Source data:
▬▬▬▬▬▬▬▬▬▬
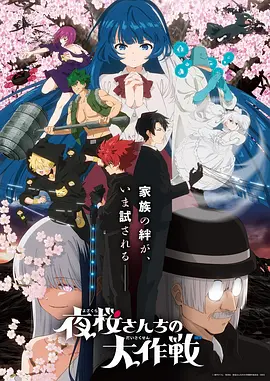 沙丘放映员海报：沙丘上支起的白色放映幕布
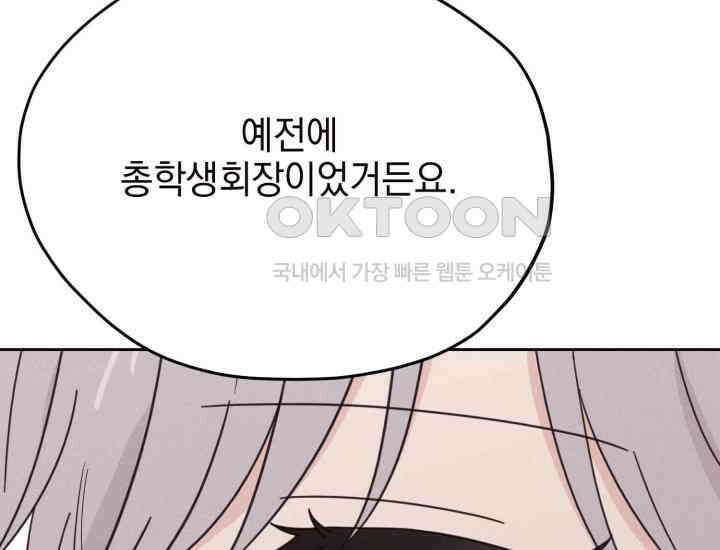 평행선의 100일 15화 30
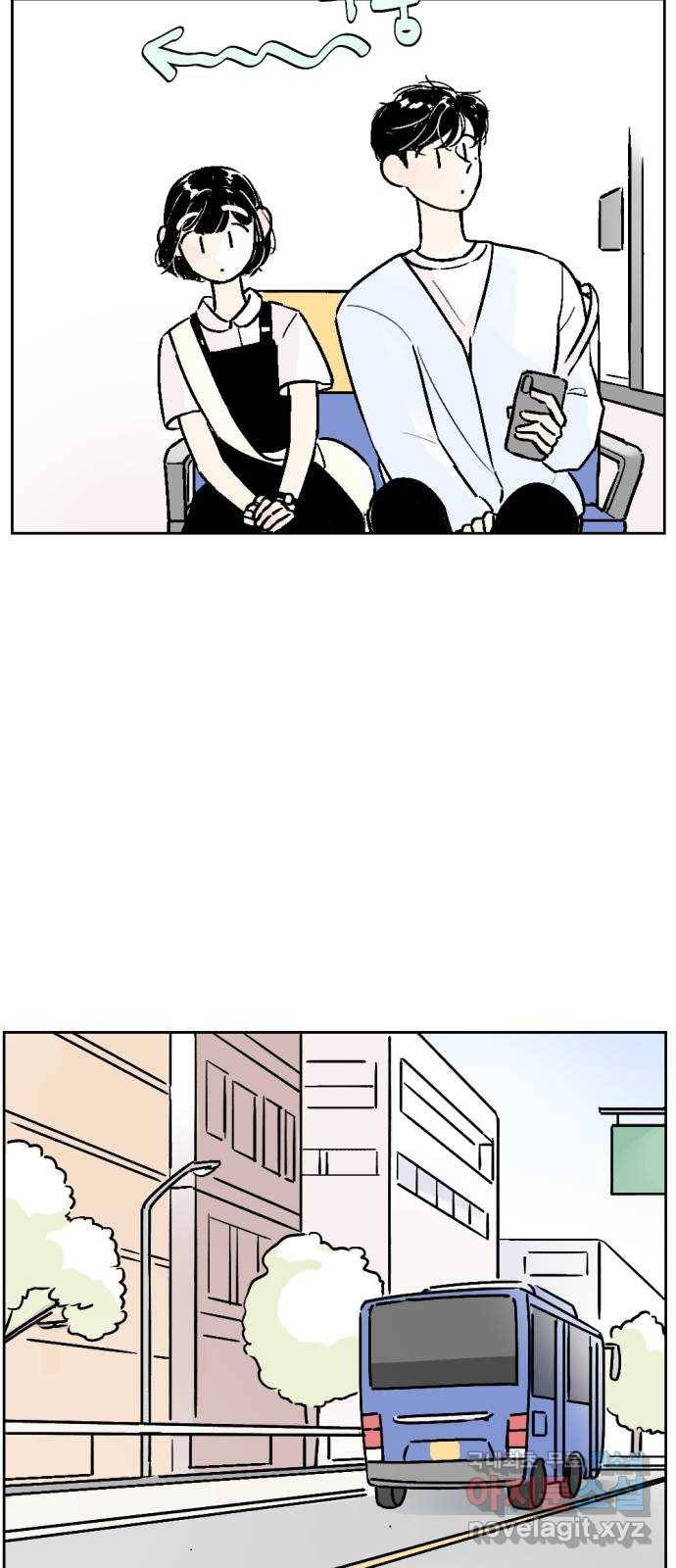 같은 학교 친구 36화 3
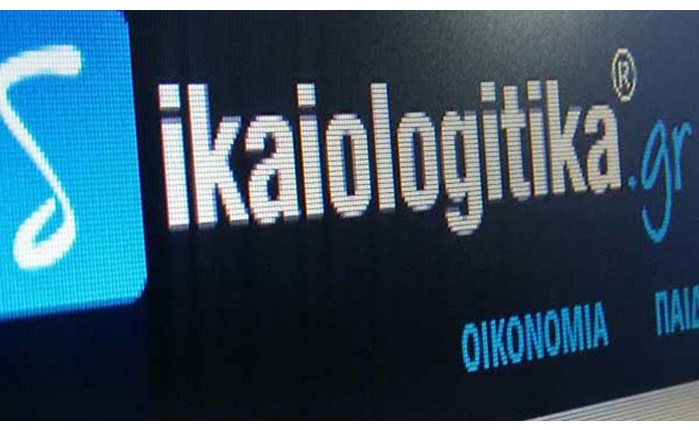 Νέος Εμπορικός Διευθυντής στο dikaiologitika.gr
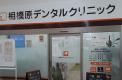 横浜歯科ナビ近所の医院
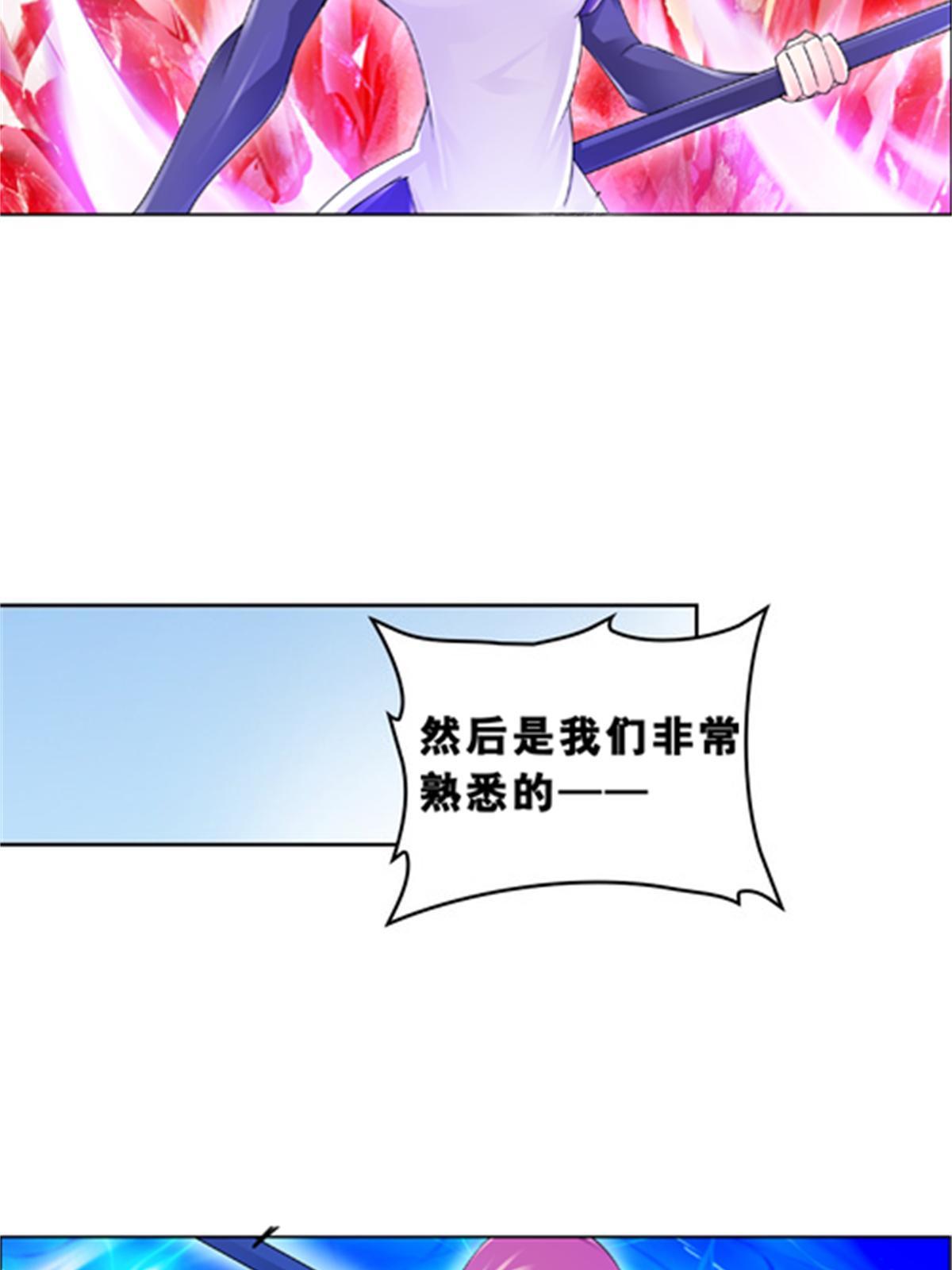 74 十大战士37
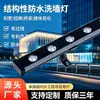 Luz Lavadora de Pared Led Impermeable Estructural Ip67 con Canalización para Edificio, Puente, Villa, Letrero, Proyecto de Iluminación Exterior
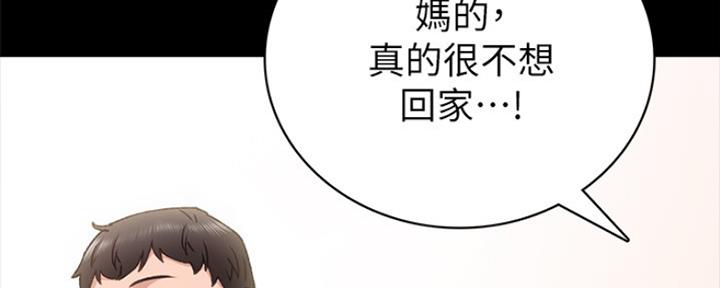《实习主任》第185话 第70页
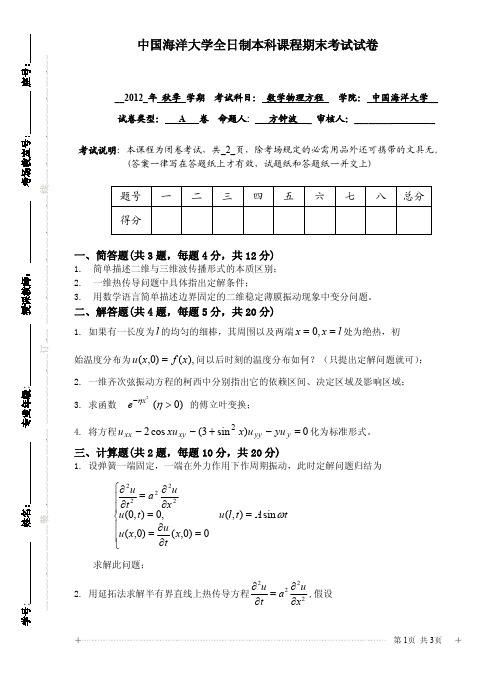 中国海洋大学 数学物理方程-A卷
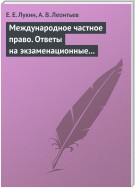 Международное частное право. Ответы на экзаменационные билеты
▬▬▬▬▬▬▬▬▬▬
Your answer must be exactly the lines from the one containing "평행선의 100일 15화 30" through the last line of the records above, both included, with every picture left out.

 평행선의 100일 15화 30
 같은 학교 친구 36화 3
 Νέος Εμπορικός Διευθυντής στο dikaiologitika.gr
 横浜歯科ナビ近所の医院
 74 十大战士37
 Luz Lavadora de Pared Led Impermeable Estructural Ip67 con Canalización para Edificio, Puente, Villa, Letrero, Proyecto de Iluminación Exterior
《实习主任》第185话 第70页
 中国海洋大学 数学物理方程-A卷
 Международное частное право. Ответы на экзаменационные билеты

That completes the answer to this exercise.